The following appeared yesterday in Garrison Keillor’s The Writer’s Almanac newsletter. Does it sound familiar to you?
It was on this day in 1864 that Abraham Lincoln was elected to his second term as President of the United States, an election that helped ensure the preservation of the Union. It was one of the only times in history that an election was held by a nation in the middle of a civil war.
Lincoln had a lot of reasons to worry the election might not go his way. The summer before the election, most Americans were weary of war, and calls to end the conflict were becoming louder and louder. Then, at the beginning of July, 1864, Lincoln was confronted with the embarrassment of a Confederate battalion trying to invade and capture Washington D.C. itself. The Confederates were driven off but not captured, and everyone who knew Lincoln at the time said he was in a terrible mood for the rest of the month.
In August, Lincoln announced that he would only negotiate peace with the Southern states if they reintegrated with the Union and if they abandoned slavery. This was the most radical position he’d taken on slavery yet, and it was so controversial that he began to lose support among his few allies in the Democratic Party, as well as members of his own Republican Party. There was talk that the Republican Party might try to nominate someone else. Lincoln worried that he’d made a terrible mistake, and so he didn’t say anything else about slavery for the rest of the campaign.
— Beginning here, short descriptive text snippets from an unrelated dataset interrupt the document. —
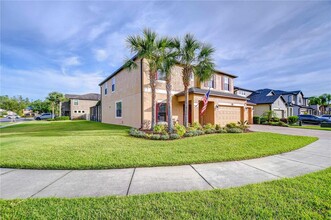 19533 Whispering Brook Dr in Tampa, FL - Building Photo - Building Photo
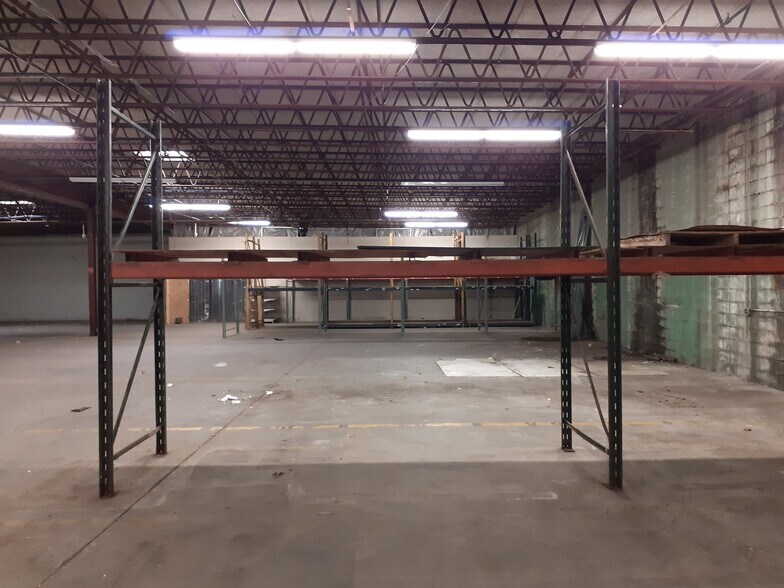 More Photos Of 20 Industrial Pl, Middletown Manufacturing For Sale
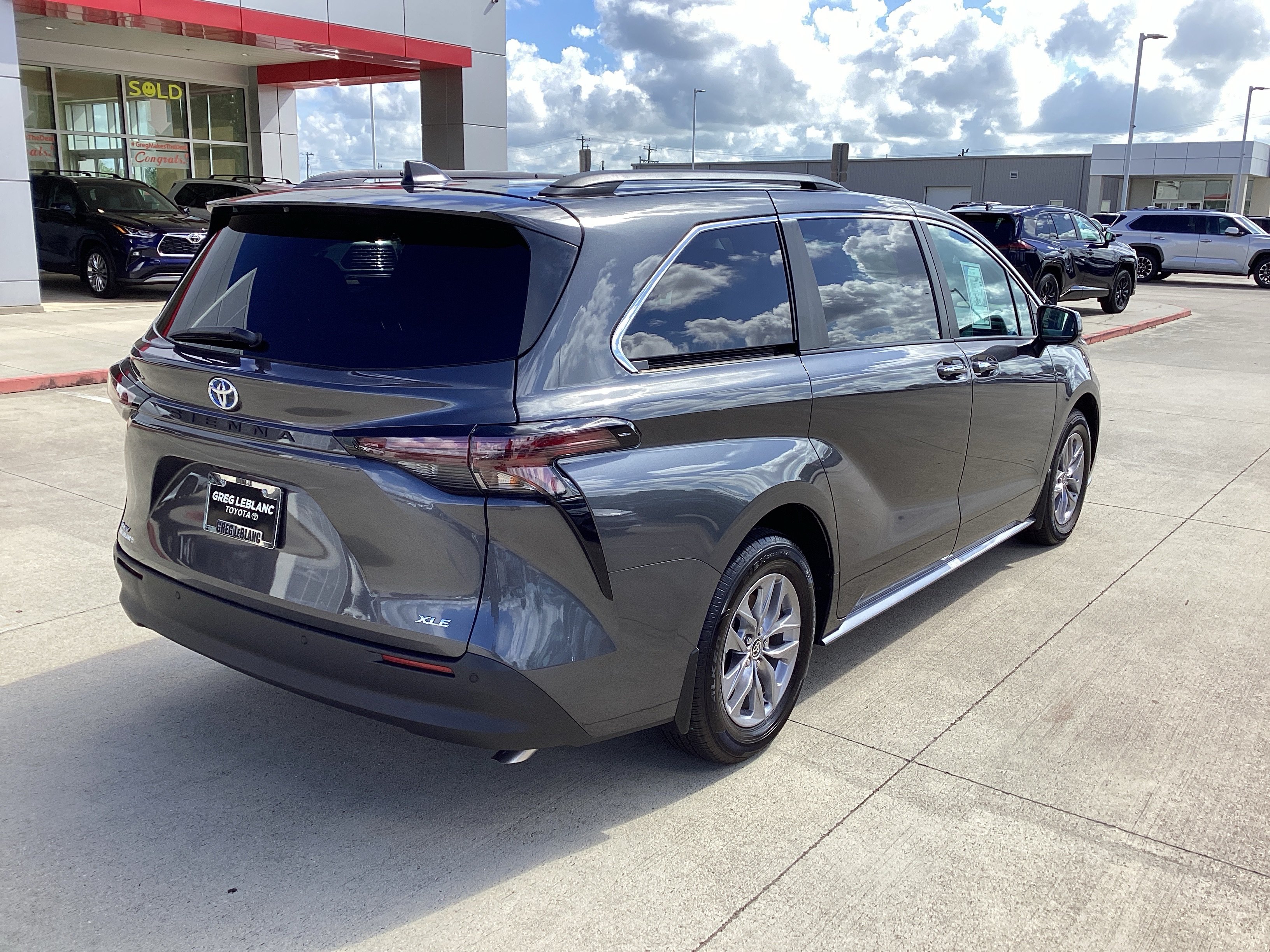 Used 2025 Toyota Sienna XLE w/ XLE Plus Package FWD image 7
The war continued to go badly. On July 30, 4000 Union soldiers were killed in a disastrous attempt to invade Petersburg, Virginia. The army needed 500,000 more soldiers, Lincoln would probably have to call for another draft, and the war debt was becoming unsustainable. Even moderate Republicans began to criticize the president’s policies. On August 23, Lincoln wrote a memorandum to his cabinet that said, “This morning, and for some days past, it seems exceedingly probable that this Administration will not be re-elected.”
The Democratic Party held their nominating convention in the last days of August, and they chose to run on a platform of ending hostilities with the Confederate States. This turned out to be a huge mistake when, on September 4th, General Sherman announced that his army had captured Atlanta. At the same time, Rear Admiral David G. Farragut announced that he had captured Mobile, Alabama, the last major Gulf port in Confederate hands.
Suddenly, the Democratic Party looked like the party of surrender when the Union was on the verge of winning the war. In the end, Lincoln carried every state except New Jersey, Delaware, and Kentucky.